El breve ensayo de Meneses, que estaba incluido en Espejos y disfraces, llegó a mí en un momento en que descubría el universo de El falso cuaderno de Narciso Espejo al mismo tiempo que entraba alumbrado y sin herramientas en la literatura de Thomas Mann (su telúrico y musical Doktor Faustus, sus sugerentes y eróticos diarios, su Muerte en Venecia, que parece pensada para que Visconti hiciera una peli hermosa, y Dirk Bogarde sudara tinte para el pelo ante los seductores bucles del Tadzio Bjørn Andresen); era la erótica de Mann, de quien Meneses había aprendido no pocas lecciones.

En efecto, desde hace muchos años muchedumbres de escritores tratamos de vivir de lo que escribimos, proeza que casi siempre es imposible, porque no termina de ser considerado el asunto un trabajo más, porque los puestos de trabajo son más bien pocos y porque, todo hay que decirlo, a este oficio le suele ocurrir lo que le ocurre al sentido común según Descartes: todo el mundo cree tener el suficiente, se conforma con el que posee y no viene a por más. Y quiero agregar que con la escritura creativa nos ocurre a la gente como cuando nos topamos con una humilde flauta dulce: de inmediato la cogemos, como si fuera un cacharro de cocina y la hacemos sonar para demostrar que solo es una flautica y que cualquiera puede tocarla. Solemos perpetrar los pollitos dicen y la dejamos en la mesa al instante porque sabemos, muy en el fondo, que ese tesoro de sonidos no fue hecho para esas vulgaridades.

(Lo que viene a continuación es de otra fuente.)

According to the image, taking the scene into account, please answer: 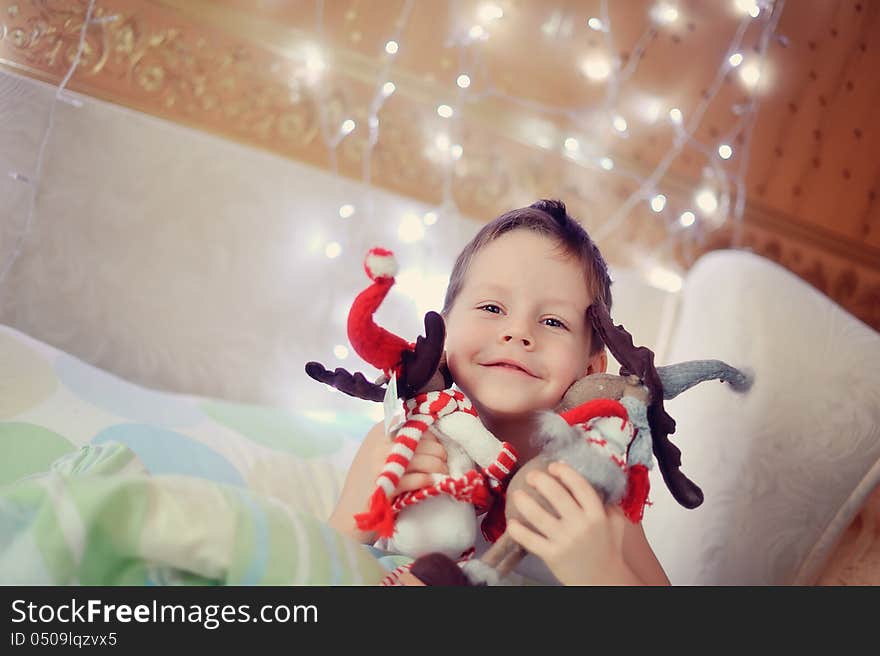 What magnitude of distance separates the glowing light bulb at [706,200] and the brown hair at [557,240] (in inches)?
46.2

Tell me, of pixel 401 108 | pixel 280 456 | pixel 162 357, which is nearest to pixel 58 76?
pixel 162 357

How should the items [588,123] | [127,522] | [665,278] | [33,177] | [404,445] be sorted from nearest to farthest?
1. [127,522]
2. [404,445]
3. [33,177]
4. [588,123]
5. [665,278]

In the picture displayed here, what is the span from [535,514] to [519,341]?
23 centimetres

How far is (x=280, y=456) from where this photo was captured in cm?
122

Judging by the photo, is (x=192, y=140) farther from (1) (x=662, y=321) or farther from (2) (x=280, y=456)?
(1) (x=662, y=321)

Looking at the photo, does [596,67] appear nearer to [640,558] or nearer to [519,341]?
[519,341]

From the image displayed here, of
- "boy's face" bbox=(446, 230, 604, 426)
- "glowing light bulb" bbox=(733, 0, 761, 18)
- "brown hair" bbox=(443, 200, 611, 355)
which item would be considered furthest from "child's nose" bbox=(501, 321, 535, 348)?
"glowing light bulb" bbox=(733, 0, 761, 18)

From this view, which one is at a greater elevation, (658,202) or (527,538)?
(658,202)

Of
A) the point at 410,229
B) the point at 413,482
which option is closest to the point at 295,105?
the point at 410,229

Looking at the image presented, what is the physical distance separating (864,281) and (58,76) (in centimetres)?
220

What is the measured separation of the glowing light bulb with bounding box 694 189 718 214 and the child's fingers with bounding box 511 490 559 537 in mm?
1545

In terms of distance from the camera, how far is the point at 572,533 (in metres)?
0.68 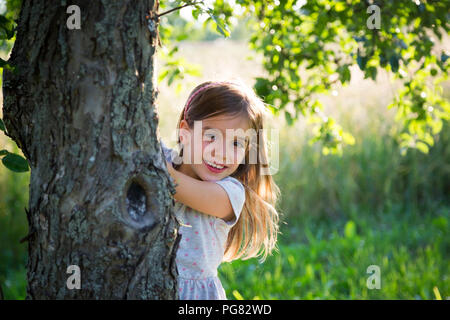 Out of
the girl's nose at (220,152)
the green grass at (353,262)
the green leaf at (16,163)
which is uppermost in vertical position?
the girl's nose at (220,152)

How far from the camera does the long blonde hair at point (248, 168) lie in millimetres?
1931

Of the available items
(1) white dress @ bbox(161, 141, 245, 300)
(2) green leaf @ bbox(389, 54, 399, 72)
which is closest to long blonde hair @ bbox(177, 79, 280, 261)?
(1) white dress @ bbox(161, 141, 245, 300)

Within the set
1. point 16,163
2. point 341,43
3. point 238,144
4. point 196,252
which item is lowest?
point 196,252

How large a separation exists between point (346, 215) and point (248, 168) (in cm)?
332

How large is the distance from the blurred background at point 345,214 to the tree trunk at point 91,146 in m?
2.13

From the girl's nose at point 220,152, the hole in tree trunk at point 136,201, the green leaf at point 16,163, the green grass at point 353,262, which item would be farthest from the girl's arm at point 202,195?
the green grass at point 353,262

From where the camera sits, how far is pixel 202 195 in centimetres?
176

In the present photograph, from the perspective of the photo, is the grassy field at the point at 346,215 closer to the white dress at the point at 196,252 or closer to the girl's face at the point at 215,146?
the white dress at the point at 196,252

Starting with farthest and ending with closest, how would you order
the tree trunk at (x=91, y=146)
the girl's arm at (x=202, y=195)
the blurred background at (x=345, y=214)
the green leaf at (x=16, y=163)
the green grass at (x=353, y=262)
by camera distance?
the blurred background at (x=345, y=214), the green grass at (x=353, y=262), the girl's arm at (x=202, y=195), the green leaf at (x=16, y=163), the tree trunk at (x=91, y=146)

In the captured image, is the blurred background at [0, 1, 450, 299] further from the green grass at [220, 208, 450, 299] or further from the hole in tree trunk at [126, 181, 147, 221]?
the hole in tree trunk at [126, 181, 147, 221]

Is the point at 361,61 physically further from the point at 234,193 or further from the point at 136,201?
the point at 136,201

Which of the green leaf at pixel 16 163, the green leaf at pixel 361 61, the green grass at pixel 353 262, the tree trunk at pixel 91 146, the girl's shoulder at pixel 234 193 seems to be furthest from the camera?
the green grass at pixel 353 262

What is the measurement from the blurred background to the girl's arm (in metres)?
1.69

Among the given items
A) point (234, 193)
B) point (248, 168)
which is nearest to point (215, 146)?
point (234, 193) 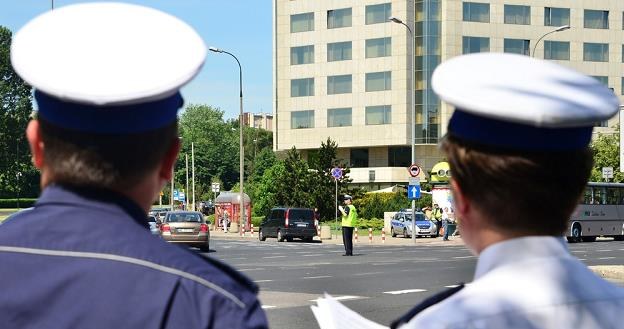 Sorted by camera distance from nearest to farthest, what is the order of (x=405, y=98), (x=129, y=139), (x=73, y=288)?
(x=73, y=288)
(x=129, y=139)
(x=405, y=98)

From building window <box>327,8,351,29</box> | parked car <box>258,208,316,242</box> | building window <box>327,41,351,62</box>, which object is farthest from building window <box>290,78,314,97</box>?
parked car <box>258,208,316,242</box>

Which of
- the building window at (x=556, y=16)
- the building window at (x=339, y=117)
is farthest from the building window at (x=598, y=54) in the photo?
the building window at (x=339, y=117)

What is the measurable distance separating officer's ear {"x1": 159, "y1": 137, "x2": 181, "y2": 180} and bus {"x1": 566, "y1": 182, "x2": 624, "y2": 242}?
Answer: 1732 inches

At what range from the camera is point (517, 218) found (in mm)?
2203

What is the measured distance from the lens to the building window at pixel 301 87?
88.1m

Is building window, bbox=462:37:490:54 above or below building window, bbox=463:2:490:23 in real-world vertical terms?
below

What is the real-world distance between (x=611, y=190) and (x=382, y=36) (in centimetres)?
3972

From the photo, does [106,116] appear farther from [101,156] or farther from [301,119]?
[301,119]

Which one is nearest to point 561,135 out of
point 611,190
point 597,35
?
point 611,190

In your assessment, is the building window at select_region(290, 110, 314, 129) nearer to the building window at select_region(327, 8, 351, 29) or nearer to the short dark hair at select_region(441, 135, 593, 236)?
the building window at select_region(327, 8, 351, 29)

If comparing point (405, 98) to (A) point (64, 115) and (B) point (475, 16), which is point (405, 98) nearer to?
(B) point (475, 16)

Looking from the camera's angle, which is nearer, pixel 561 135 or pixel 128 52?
pixel 128 52

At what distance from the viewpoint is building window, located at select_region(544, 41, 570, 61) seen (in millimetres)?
85375

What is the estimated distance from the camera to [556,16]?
8569 centimetres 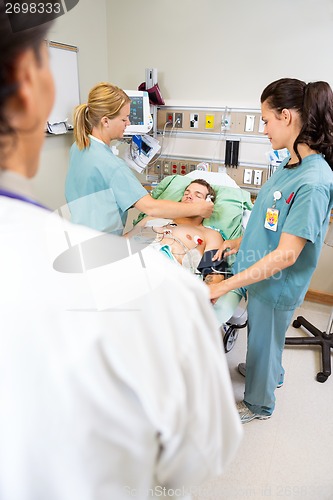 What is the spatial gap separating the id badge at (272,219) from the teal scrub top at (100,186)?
0.61m

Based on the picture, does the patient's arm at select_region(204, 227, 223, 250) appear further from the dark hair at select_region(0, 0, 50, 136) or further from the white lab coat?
the dark hair at select_region(0, 0, 50, 136)

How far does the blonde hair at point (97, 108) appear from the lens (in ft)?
5.44

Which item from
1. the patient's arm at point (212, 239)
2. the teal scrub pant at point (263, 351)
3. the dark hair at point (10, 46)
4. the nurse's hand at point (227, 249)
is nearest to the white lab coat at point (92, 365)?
the dark hair at point (10, 46)

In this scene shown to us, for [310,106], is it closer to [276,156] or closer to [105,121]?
[105,121]

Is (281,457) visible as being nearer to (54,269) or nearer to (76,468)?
(76,468)

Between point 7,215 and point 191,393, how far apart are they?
0.30 meters

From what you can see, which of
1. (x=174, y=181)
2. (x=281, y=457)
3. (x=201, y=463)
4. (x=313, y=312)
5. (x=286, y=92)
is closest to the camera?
(x=201, y=463)

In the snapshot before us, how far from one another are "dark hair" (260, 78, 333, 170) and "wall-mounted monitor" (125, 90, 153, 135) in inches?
59.0

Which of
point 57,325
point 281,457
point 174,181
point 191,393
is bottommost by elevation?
point 281,457

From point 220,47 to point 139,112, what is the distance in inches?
31.8

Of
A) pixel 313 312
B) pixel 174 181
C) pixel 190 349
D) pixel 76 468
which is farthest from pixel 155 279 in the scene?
pixel 313 312

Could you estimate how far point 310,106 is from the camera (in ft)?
4.31

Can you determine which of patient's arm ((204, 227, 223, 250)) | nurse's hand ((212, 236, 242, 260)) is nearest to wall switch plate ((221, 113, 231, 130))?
patient's arm ((204, 227, 223, 250))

Porque la poesía es la más inocente de las acciones y el lenguaje es el más peligroso de los bienes, que dijo aquel poeta, tendemos a pensar que si la literatura se hace con palabras, que es lo que uso todos los días, pues no debe de ser difícil que yo me considere un escritor. Y nada más lejos de la verdad. También cagamos todos los días y no por eso somos nutricionistas.

Si uno quiere tener la aspiración, que no la licencia, de ejercer este oficio, debe empezar primero que nada a considerarlo como tal. Y, como tal, debe empezar a tratar de aprender los trucos, las lecciones, los procedimientos; igual, igualito que un aprendiz de albañil, un pasante de hospital o un ayudante de artista plástico. Tiene que empezar a ejercer el oficio y eso requiere, como todo, tiempo en cantidad.

Lo malo es que este oficio suele ser remunerado después, muchos años después. Aunque hay que recordar que también hay médicos que llevan un taxi, cantantes que sirven cafés e ingenieros que venden pantaletas. Pero pregúntenle a cualquiera de ellos a qué se dedican y contestarán de inmediato: soy médico, o soy ingeniero o seré una gran actriz; nunca dirán voy a operar a mucha gente, pero cuando termine el turno de mi taxi; ahora mismo me voy al teatro Kodak a recoger mi Oscar, después de mi turno de la tarde en la cafetería. En cambio, cuando uno dice que se dedica a escribir de inmediato te preguntan, muy bien, ¿pero con qué te ganas de la vida?

—Llevando un blog —me dan ganas de contestar.